COOKING CLASS: Ankeny Woman Teaches Lost Art
There was a time in America when a cooking class would have seemed silly, but life has changed.
“Life is busy,” says Krista Jacob of Des Moines, “It can be hard to set time aside and to actually do it.”
We once learned from our parents but are now often a generation removed from the kitchen.
“There is a fear of cooking<” says Deb Cazavilan, owner and proprietor of Wooden Spoons and Apron Strings in Ankeny. “People don’t teach their kids how to cook anymore.”
Whether they’re starting at square one or honing already-ample skills, they’re flocking to Deb Cazavilan’s little place in Ankeny.
Like any good teacher, she’s found a way to point a simple finger at what can be a daunting science.
“It’s just food!” Cazavilan laughs, “it’s not open-heart surgery—it’s dinner!”
Cazavilan’s is a great story…a New Yorker who learned cooking from Alice at Alice’s Restaurant in Massachusetts…yeah, THAT Alice.
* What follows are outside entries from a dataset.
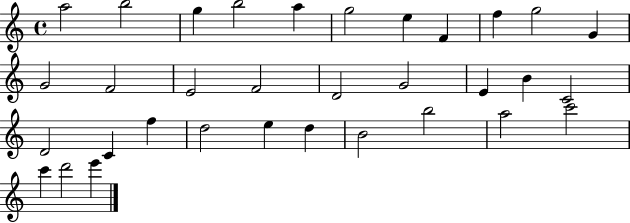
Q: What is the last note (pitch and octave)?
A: E6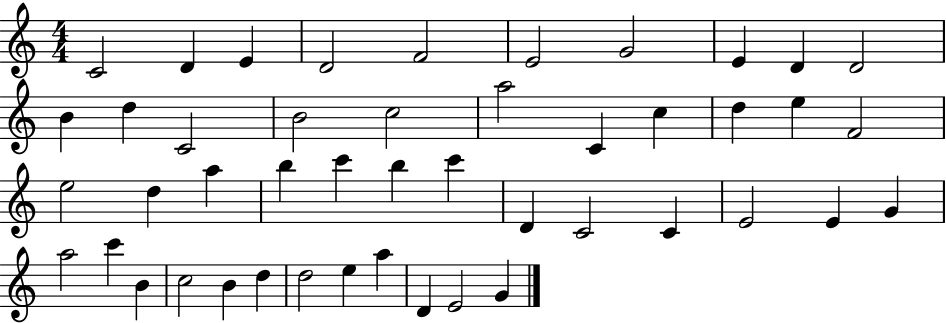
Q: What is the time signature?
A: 4/4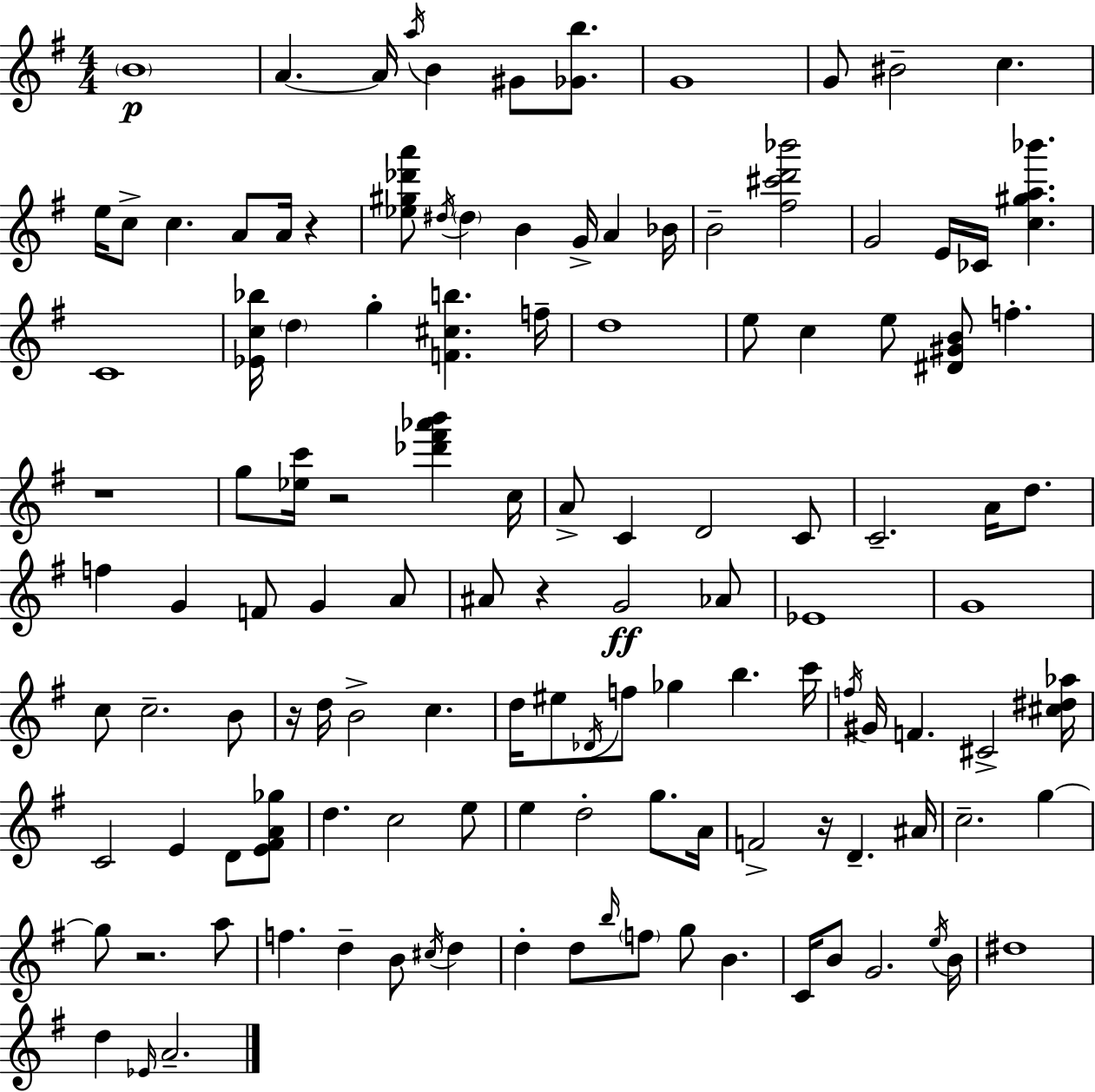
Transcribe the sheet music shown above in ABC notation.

X:1
T:Untitled
M:4/4
L:1/4
K:G
B4 A A/4 a/4 B ^G/2 [_Gb]/2 G4 G/2 ^B2 c e/4 c/2 c A/2 A/4 z [_e^g_d'a']/2 ^d/4 ^d B G/4 A _B/4 B2 [^f^c'd'_b']2 G2 E/4 _C/4 [c^ga_b'] C4 [_Ec_b]/4 d g [F^cb] f/4 d4 e/2 c e/2 [^D^GB]/2 f z4 g/2 [_ec']/4 z2 [_d'^f'_a'b'] c/4 A/2 C D2 C/2 C2 A/4 d/2 f G F/2 G A/2 ^A/2 z G2 _A/2 _E4 G4 c/2 c2 B/2 z/4 d/4 B2 c d/4 ^e/2 _D/4 f/2 _g b c'/4 f/4 ^G/4 F ^C2 [^c^d_a]/4 C2 E D/2 [E^FA_g]/2 d c2 e/2 e d2 g/2 A/4 F2 z/4 D ^A/4 c2 g g/2 z2 a/2 f d B/2 ^c/4 d d d/2 b/4 f/2 g/2 B C/4 B/2 G2 e/4 B/4 ^d4 d _E/4 A2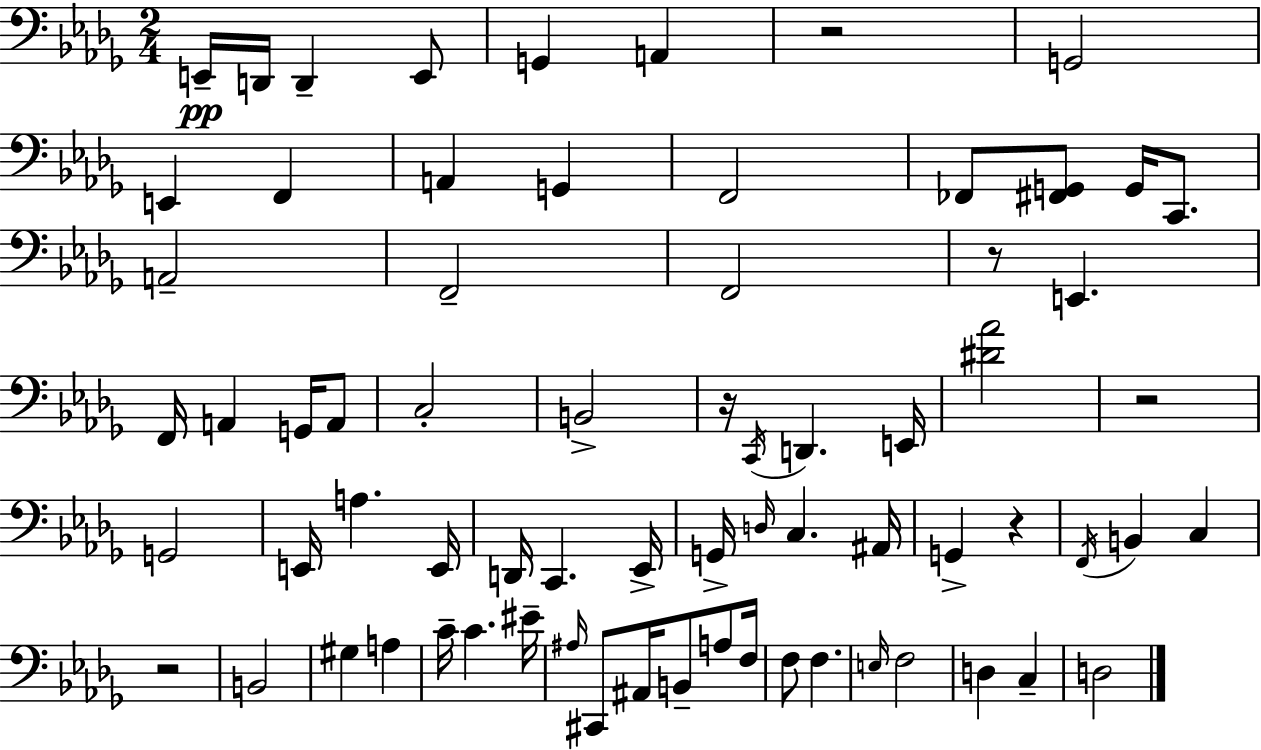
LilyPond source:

{
  \clef bass
  \numericTimeSignature
  \time 2/4
  \key bes \minor
  e,16--\pp d,16 d,4-- e,8 | g,4 a,4 | r2 | g,2 | \break e,4 f,4 | a,4 g,4 | f,2 | fes,8 <fis, g,>8 g,16 c,8. | \break a,2-- | f,2-- | f,2 | r8 e,4. | \break f,16 a,4 g,16 a,8 | c2-. | b,2-> | r16 \acciaccatura { c,16 } d,4. | \break e,16 <dis' aes'>2 | r2 | g,2 | e,16 a4. | \break e,16 d,16 c,4. | ees,16-> g,16-> \grace { d16 } c4. | ais,16 g,4-> r4 | \acciaccatura { f,16 } b,4 c4 | \break r2 | b,2 | gis4 a4 | c'16-- c'4. | \break eis'16-- \grace { ais16 } cis,8 ais,16 b,8-- | a8 f16 f8 f4. | \grace { e16 } f2 | d4 | \break c4-- d2 | \bar "|."
}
“I wrote her a letter after seeing the movie after seeing the movie,” Cazavilan remembers, “I was just 17, I was just a twirpy little kid–star struck, loved Arlo Guthrie and I wrote her a letter and I said ‘Boy, I’d really love to come work for you,’ and she called me as soon as she received my letter.”
Just like that, a long career as a chef was off and running. Her career has changed a bit, but she maintains the same open atmosphere that Alice showed her back in the 70s.
“I feel like you’re coming into my home,” says Cazavilan of her customers, “ I feel like this is just an extension of my home and you’re coming in and I’m going to show you how to make good food. It’s very relaxed.”
Classes run several times a week, and are usually full. Repeat business is common.
“She’s very practical about cooking,” says Jacob, “it’s not stuff that’s so time consuming that you would just look at the recipe and think ‘I won’t have time to do that.’”
Christmas cookies are on the menu, today, and no one can wait to try out the new recipes at home.
“Oh, yeah and you smell ‘em!” laughs Jeanne Johnson of Ankeny, “the kids walk in they say “Grandma’s cooking!’”
They’ll take home some sweets, but it’s the lessons Cazavilan gets remembered for.
“I always walk away with something I can use,” says Kristin Holm of Johnston.
And therein lies the big payoff. A skill once taken for granted that was fumbled…even lost…but recovered again.
“When I get that email a week or two or a month later with a photo that says ‘Look what I did!’ That is tremendously gratifying,” Cazavilan says.